When I increase the blocksize from 128 to 256, I saw a decrease in the performace(from 1.5ms to 1.6ms). However, according to the compiling information, no local variables spill to local memory(they are still stored in registers), the occupancy is still 1.0. Any reasons are responsible for the performace decrease? Thank you.
Try to get your application to run longer. 1.5-1.6ms in probably in the measurement noise of your system. A simple OS context switch during your application would be enough to account for the difference. It may not have anything to do with the kernel actually taking longer to execute.

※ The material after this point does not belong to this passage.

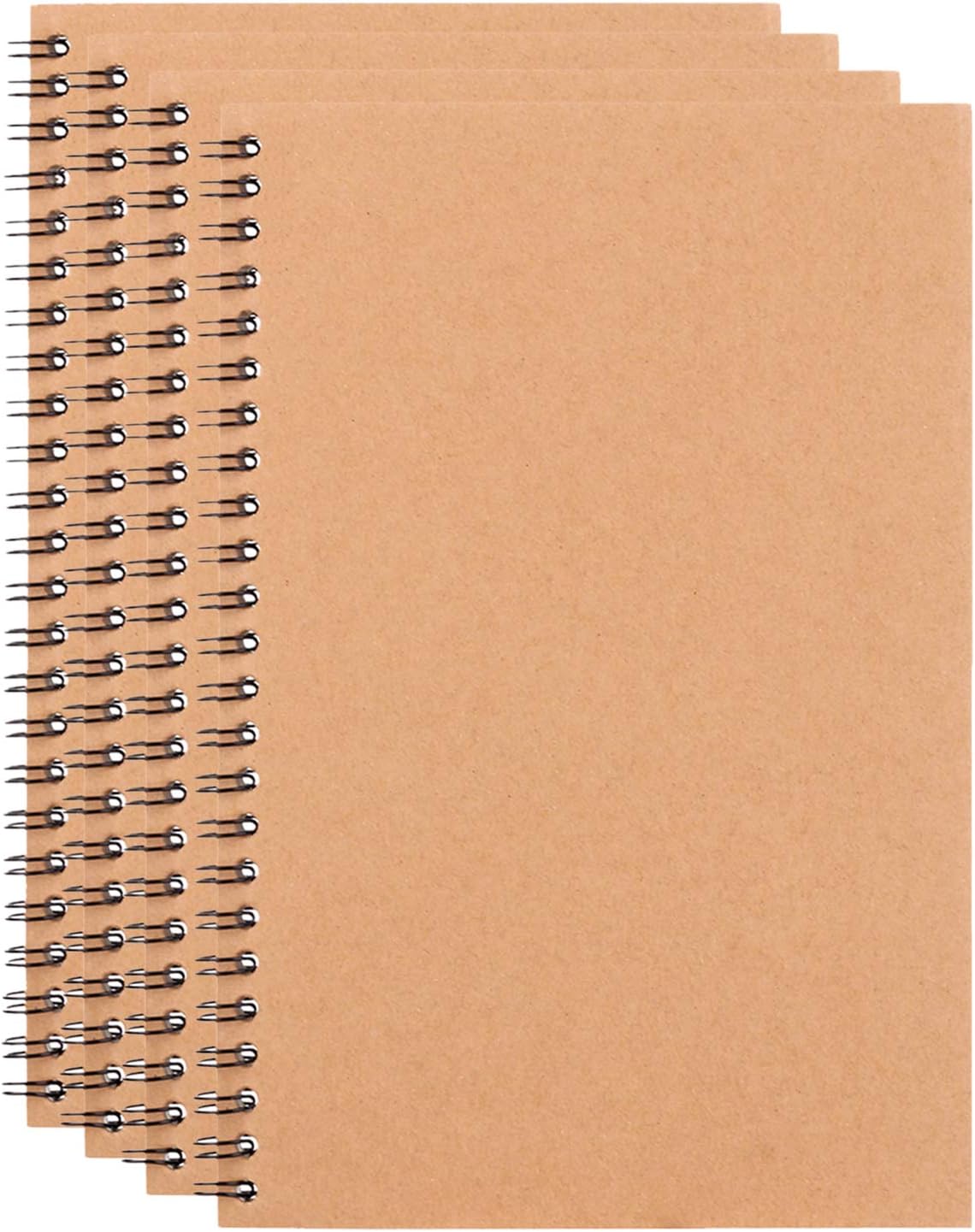 XYark Spiral Notebook, Set of 4 Soft Kraft Cover Wirebound Memo Notepads Diary Subject Notebooks Planner with Lined Paper, 100 Pages, 50 Sheets, 8.3x5.5 inch, A5 Size, Travel Journal Set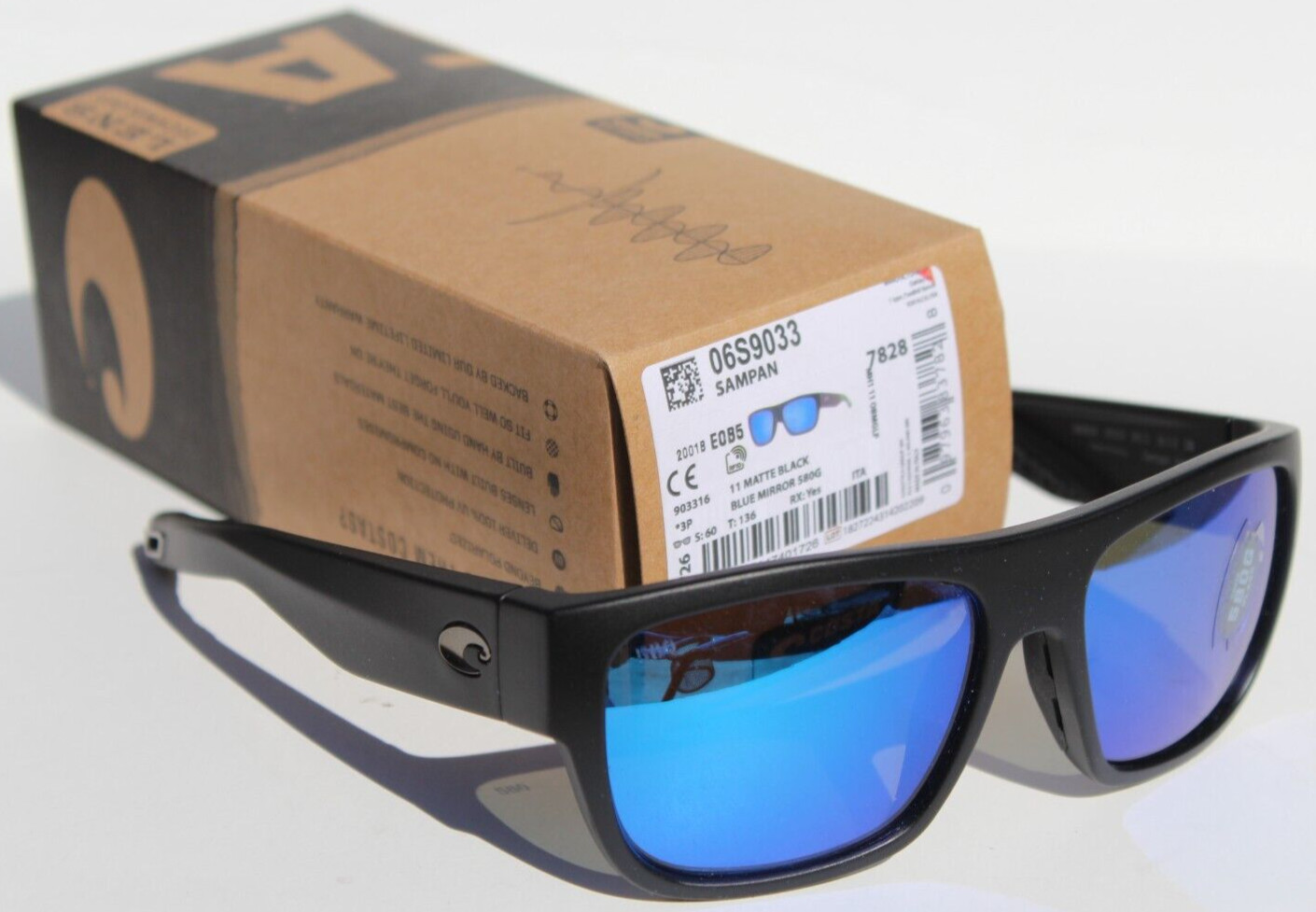 COSTA DEL MAR Sampan 580G POLARIZED Sunglasses Matte Black/Blue Glass NEW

Try putting a loop around your kernel, launching it many times, and taking the average time.
From 1.0 occupancy you mean 100 % rite , I Guess you are not using shared memory or very small amount of it then ? …
also are your writes and reads from global memory coalesced ? cause I have seen that more number of independent thread blocks helps you better hide this global memory latency.
yes, the rule is the more the merrier. As suggested you managed to hide the global memory latency better when you could fit more blocks on each SM.
I did lauch the kernel many times and the performance is the average.
You mean that more blocks are more preferable than bigger block size?
In a way… but you have to give more preference to occupancy first as that provides more bang.
Once reach an optimized value occupancy ~50% (single precision kernel) for CC1.3 devices then I guess more block size makes more positive impact performance; this I say from my experience.
Hence if both your implementations have same occupancy and register usage then more number of blocks should help you hide the memory latency better + it will also help you scale your applications to future devices like FERMI which have lot more number of cores.
But you should las keep in mind the register RAW latencies which depend on your kernel register usage and how you actually coded up the algorithm. RAW latencies are hidden once we have > 192 threads but they have a less impact on performance then memory latency hence they only affect algorithms which are compute bound. Looks like yours is memory bound.
Hope this helps
Larger blocks will tend to be slower if you’re using __syncthreads. This may only be the case if you have branching which isn’t consistant across the block though.